Dal mangiacassette al walkman, la musica a portata di mano
Ma prima di arrivare ai lettori mp3 c’è un ulteriore step: quello dei mangicassette (o mangianastri che dir si voglia). Tra la metà degli anni ’70 e la fine degli anni ’90 (anche se la produzione dei famosissimi Sony Walkman è stata interrotta solamente all’inizio di quest’anno) sono stati i riproduttori musicali preferiti, sia per la duttilità sia per la qualità e la fedeltà di riproduzione. I mangiacassette potevano essere utilizzati in casa (nei primi impianti hi-fi domestici), in auto o a passeggio. L’alta fedeltà musicale, invece, era assicurata dalla composizione chimica del nastro magnetico su cui venivano registrate le tracce musicali (a metà anni ’80, quando la diffusione di questi dispositivi raggiunse il suo apice, erano realizzati con composti al cromo o ferro-cromo), da sistemi di riduzione del rumore denominati Dolby e da testine di lettura sempre più performanti. I miglioramenti tecnologici permisero, con il passare degli anni, un “rimpicciolimento” dei mangianastri e ben presto vennero introdotti all’interno delle automobili sotto forma di autoradio. I mangiacassette, però, richiedevano una manutenzione piuttosto costante, pena lo “srotolamento” del nastro magnetico tra le testine del lettore. Che a volte finiva anche con il mangiare il nastro. E quindi addio musica.
Il laserdisk, la tecnologia che arrivò dall’estremo Oriente
Sempre attorno alla metà degli anni ’70 e inizio anni ’80 dall’estremo Oriente arrivò in Europa una tecnologia che prometteva di rivoluzionare il mondo della cinematografia e della discografia. Ma che ben presto venne fagocitata dai supporti ottici di registrazione di massa digitali (CD e DVD). Si tratta del laserdisk, un supporto di registrazione di plastica in tutto e per tutto simile agli odierni dvd e blu-ray disk, ma molto, molto più grande (il diametro era pari a quello di un vinile). Il laserdisk permetteva la registrazione di tracce video in formato analogico e tracce musicali sia in formato analogico che digitale. Per questo assicurava una qualità audio e video senza pari. A discapito, purtroppo, della durata. Questi supporti potevano essere registrati su entrambi i lati e ogni lato poteva contenere fino a 50 minuti di filmato: per un film di media durata, quindi, erano necessari entrambi i lati (per film più lunghi, come ad esempio Titanic, erano necessari due dischi o più). La tecnologia laserdisk risale alla fine degli anni ’50 ma divenne appetibile commercialmente solamente tre decenni dopo. Troppo tardi, visto che i primi lettori DVD iniziavano a fare capolino sugli scaffali dei mega-store di elettronica.

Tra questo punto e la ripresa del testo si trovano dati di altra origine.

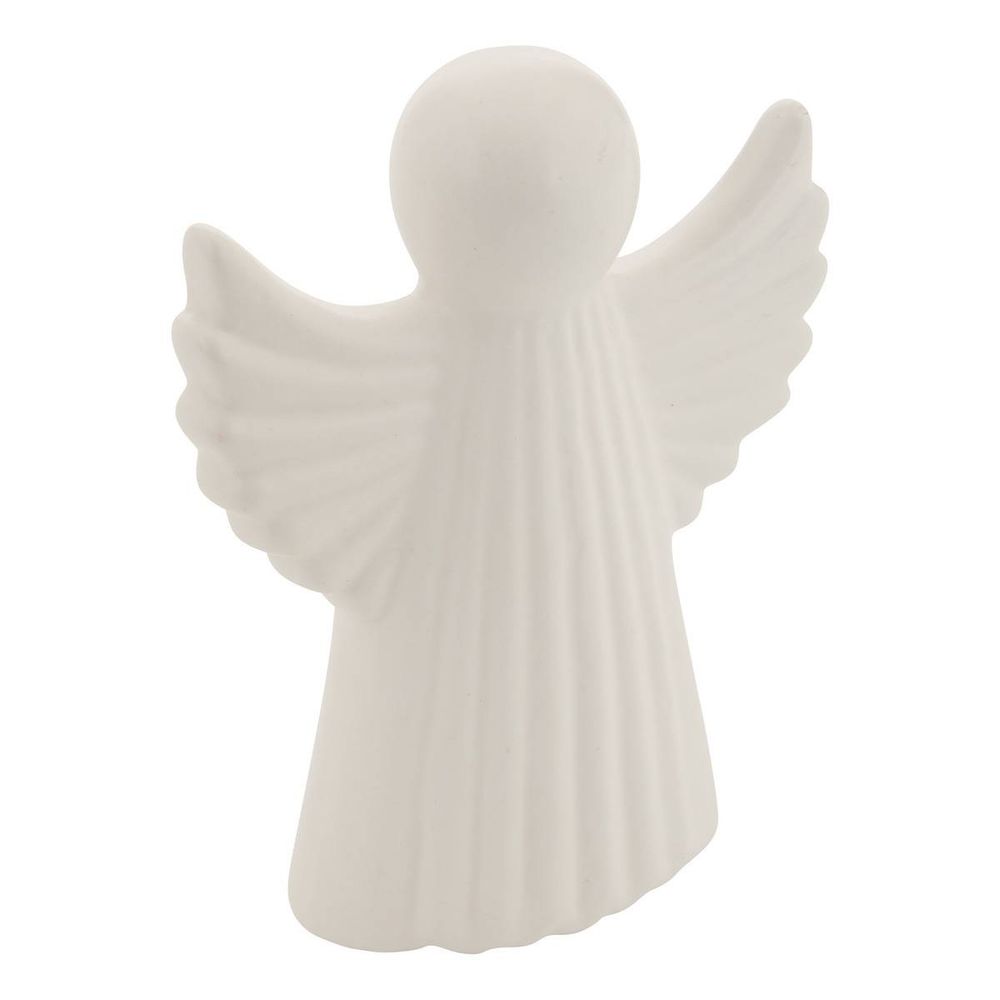 Ange de noël en céramique h. 12,5 cm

La videocassetta, il cinema diventa casalingo
Il successo del laserdisk venne ostacolato anche da un’altra tecnologia audiovisiva che, pur non assicurando una pari qualità, aveva costi considerevolmente più bassi. Si tratta della videocassetta, tecnologia che si sviluppò parallelamente a quella laserdisk, ma che ebbe indiscutibilmente una maggior fortuna. Anche le videocassette, assieme ai videoregistratori, iniziarono a diffondersi tra la metà degli anni ’70 e l’inizio anni ’80 in Giappone, per poi sbarcare in Europa e nel continente nord-americano. L’iniziale sfida tecnologica tra il sistema Betamax della Sony e il VHS della JVC venne vinta proprio da quest’ultimo, che ben presto si affermo come standard univoco a livello mondiale. Il formato VHS assicurava un buon compromesso tra un’adeguata qualità audio-video e prezzi piuttosto “popolari”. A inizio anni ’90 la maggior parte degli italiani aveva un videoregistratore in bella mostra nel salotto di casa e un’adeguata videoteca.

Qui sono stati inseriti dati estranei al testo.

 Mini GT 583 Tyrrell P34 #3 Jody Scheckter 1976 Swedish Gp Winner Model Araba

Polaroid, la passione per le immagini in un click
Così come, a cavallo tra gli anni ’70 e anni ’80 tutti avevano una Polaroid da portarsi sempre dietro per scattare foto in qualsiasi situazione e, soprattutto, poterle vedere immediatamente senza dover attendere lo sviluppo dei negativi fotografici. Ma le macchine fotografiche a sviluppo istantaneo della Polaroid sono un po’ anche il simbolo dei nostri tempi: ci accompagnano dall’immediato secondo dopo guerra, conoscono la loro massima diffusione in concomitanza con il boom economico italiano, per poi cedere sotto i terribili colpi della gravissima crisi economica e finanziaria del 2008.

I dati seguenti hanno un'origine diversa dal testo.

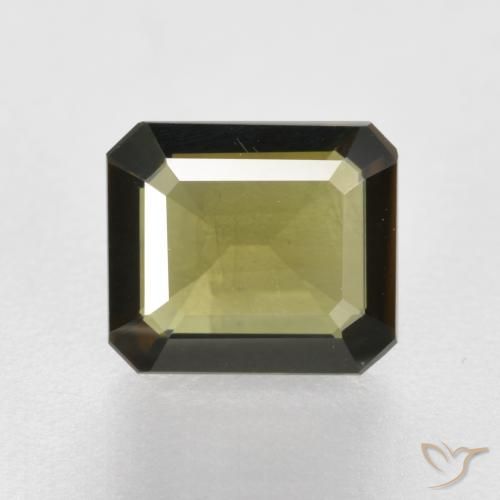 Kornerupina Marrón verdoso natural de 1.14 ct, Corte Octágono / Esmeralda, VS-SI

Floppy disk, la preistoria dell’informatica domestica
Hanno ceduto il passo molto prima, invece, i floppy disk, anche loro ormai parte della storia dei computer. Ci hanno accompagnato per lunghissimi anni, quando ancora l’informatica si faceva a colpi di kilobyte e un dischetto che poteva contenere la bellezza di 1,44 megabyte era più che sufficiente a far girare un intero sistema operativo. Ma gli anni passano, le dimensioni dei file si allargano sempre di più ed ecco che i floppy finiscono ben presto nel dimenticatoio per far spazio a lettori CD/DVD/Blu-ray. I dischetti fanno la loro comparsa nel mondo informatico nel 1971 e vi restano fino a fine anni ’90, quando furono costretti a piegarsi allo strapotere, all’economicità e alla comodità dei CD.
Negli anni, i floppy hanno visto ridurre le loro dimensioni (e le dimensioni dei dischi magnetici al loro interno) dagli 8 pollici iniziali ai 3 pollici e mezzo dello standard finale, mentre la loro capacità cresceva: dai circa 80 KB dei primi floppy agli oltre 200 MB degli ultimi modelli.
Il Commodore 64, il gadget tecnologico per eccellenza
Tra tutte queste storie di successo, però, ce n’è una che emerge e si staglia al di sopra di tutte le altre. Un emblema di come un semplice insieme di transistor possa segnare indelebilmente la storia personale di milioni di persone e, magari esagerando un po’, dell’intera umanità. Stiamo parlando del Commodore 64, il computer più venduto di tutti i tempi (ben 15 milioni di pezzi venduti tra il 1982 e il 1994) e antesignano delle moderne console di gioco. Il Commodore 64 era dotato di un potentissimo (per i primi anni ‘80, naturalmente) processore con frequenza da 1 MHz e RAM da 64 KB. In 12 anni vennero sviluppati circa 10.000 titoli software che spaziavano dai giochi agli applicativi d’ufficio. Una vera e propria pietra miliare nella storia dell’informatica. E di molte persone che leggeranno questo articolo, che si avvicinarono a questo mondo dorato proprio grazie ad un Commodore 64.